Los ítalo-criollos de izquierda se dan la mano con el judaísmo socialista o comunista y los anarco-bolcheviques no ocultan su alegría ante el florecimiento soviético.

Recorridos necesarios
Si lo que queremos rastrear es la relación con el campo intelectual judío argentino a través de los años, es necesario ver las revistas que harán historia (tales como Judaica, Columna o Mundo Israelita) y mencionar, en lo acotado de este espacio, dentro del campo de los escritores, por un lado al querido César Tiempo y, por otro, al postergado Enrique Espinoza, próximos en fechas y geografías, el oriundo de Ucrania y el oriundo de Rusia. Preciso es recordar que hay varios otros.
Nadie como Espinoza sintió y difundió tanto el impacto de lo que la Revolución de Octubre y el marxismo en su conjunto significaban como aire transformador para la época.
El mapa queda así equilibrado, desde su amigo Frank al Norte hasta el Cono Sur donde él se mueve, y completándose con J. C. Mariátegui, Espinoza (seudónimo de Samuel Glusberg) es el promotor cultural más representativo de aquella cosmovisión. Su revista y más tarde editorial Babel lo atestigua, además de sus libros.

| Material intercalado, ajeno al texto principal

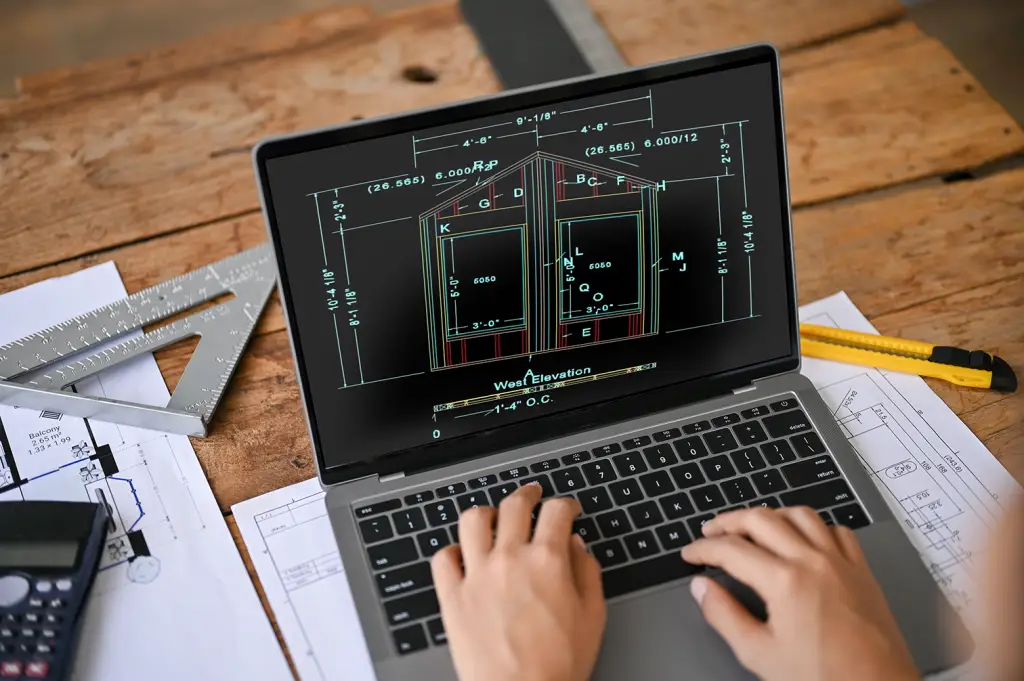 A laptop on a wooden desk displays a detailed architectural “West Elevation” drawing with measurements and labeled sections. Around the laptop are drafting tools including a metal triangle ruler, calculator, printed blueprints, and a yellow utility knife.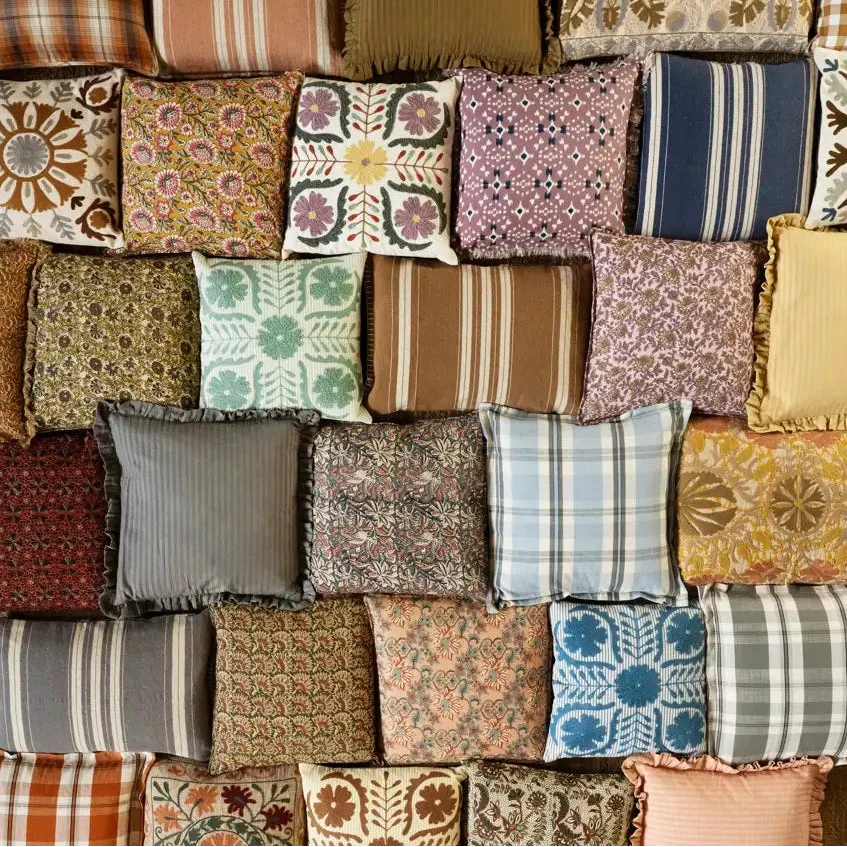 Collection of various patterned fabric squares arranged in a collage.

Mauricio Amster, por ejemplo, traduce para Babel el artículo “Fantasmas verbales” de Thomas Mann, que explica cómo la sola mención de la palabra “comunismo” genera un tipo de temor que se ha construido deliberadamente —y persiste hasta la actualidad—, agitando fantasmas que determinan prescripciones del vocabulario (hecho que los argentinos conocemos muy bien).
Entre los libros de Espinoza, especialmente Conciencia histórica – Pensamiento y acción, de 1973, permite reconstruir su perspectiva: desde la “amistad ejemplar” entre Marx y Engels, hasta Daniel de León —pensador que interesaba a Lenin— como “un caso de injerto social”, del cual nos enseña que “En Rusia sólo se supo del solitario De León después de consumada la Revolución de Octubre”. O Rosa Luxemburgo diciendo que espera que “ocurran muchos hechos trascendentales de éstos en los próximos años” o André Gide en su Retour de l´ URSS y el análisis de la posición del escritor en la sociedad capitalista.
Nuestro autor, nacido en Kischiniev, que había emigrado con la familia en la infancia, huyendo de los pogromos y quien ya adulto anhelaba escribir la biografía de Trotsky, no podía dar la espalda a esas voces. Él hace girar La Noria para saludar en verso al hombre de Coyoacán, “comandante/ del Ejército Rojo, en tren blindado” y cantar “En la gran Rusia del soviet triunfante”.
Otra cara de las repercusiones de octubre de 1917 es la que se da a poco más de un año por aquí, pues la revolución de allá penetra a su forma en la Semana Trágica de enero de 1919, en tanto determina una de las primeras reacciones violentas en nuestro suelo a la expresión de protesta junto a la interpretación del maridaje entre izquierda y judaísmo.
La Aurora Rusa los desveló a todos y la Argentina enarbolará su propia resistencia, por pura terquedad de la esperanza.